What documents does a tenant need to provide to their landlord?
- Copy of current passport, including the visa stamp page
- Copy of TM.6 departure card (often attached inside passport)
- “Name of Aliens in Residence” form
You can contact 1D Property for samples of any of the above.
What documents does a landlord need to report?
- 30 notification form
- Copy of blue book (ทะเบียนบ้าน)
- Copy of ID card or passport
- Lease agreement
- Power of Attorney (if using a proxy)
How can 1D Property help with the TM.30 reporting requirements?
1D Property is reporting on behalf of a number of landlords as their proxy. The important tenant-landlord relationship is central to our ongoing service, and this is proving to be the critical factor. Our services include:
- We can report on behalf of Bangkok-based landlords at the Chaeng Wattana and Paknam immigration offices.
- We can provide detailed samples of documents that tenants and landlords need.

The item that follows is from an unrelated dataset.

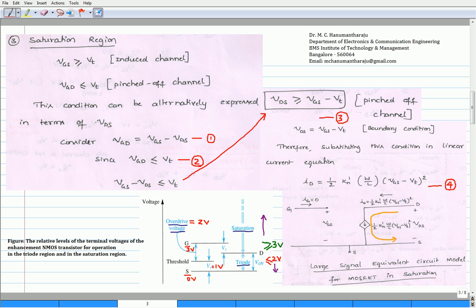The relative levels of the terminal voltages of the enhancement type n-MOSFET transistor operated in both triode and saturation region is shown in this figure. Let us consider voltage at the source terminal equals 0 volts and voltage at the gate terminal equals 3 volts. Assume that the threshold voltage of the n-MOSFET transistor equals 1 volt. It can be seen that the voltage between the gate and source is 3 volts, and it is greater than the threshold voltage. Therefore, the channel is induced in the n-MOSFET connecting the drain and source regions. The overdrive voltage is given by VGS minus VT and equals 2 volts. To decide the region of operation, the voltage VGD or VDS is essential.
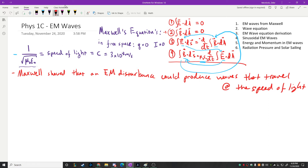We're going to go through the derivation tonight — not exactly what Maxwell did, since his involves a lot of vector calculus and is quite complicated, but you can get the exact same result without relying on that. So let's talk about waves in general. What is a wave?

- We can answer questions to the extent of our experience as an agency (but we cannot provide a qualified legal opinion).
This article was produced by 1D Property for its mostly expat client base in Bangkok, as well as the Thai landlords who rely on them. It is based on our practical experience with the new TM.30 requirements and does not purport to be a definitive legal opinion, for which readers are encouraged to seek their own legal counsel. 1D Property is a registered company in Thailand, owned by Wandee (Lekky) Iamyoung, who prides herself on a highly personal, professional and ethical home search service for expat families in Bangkok.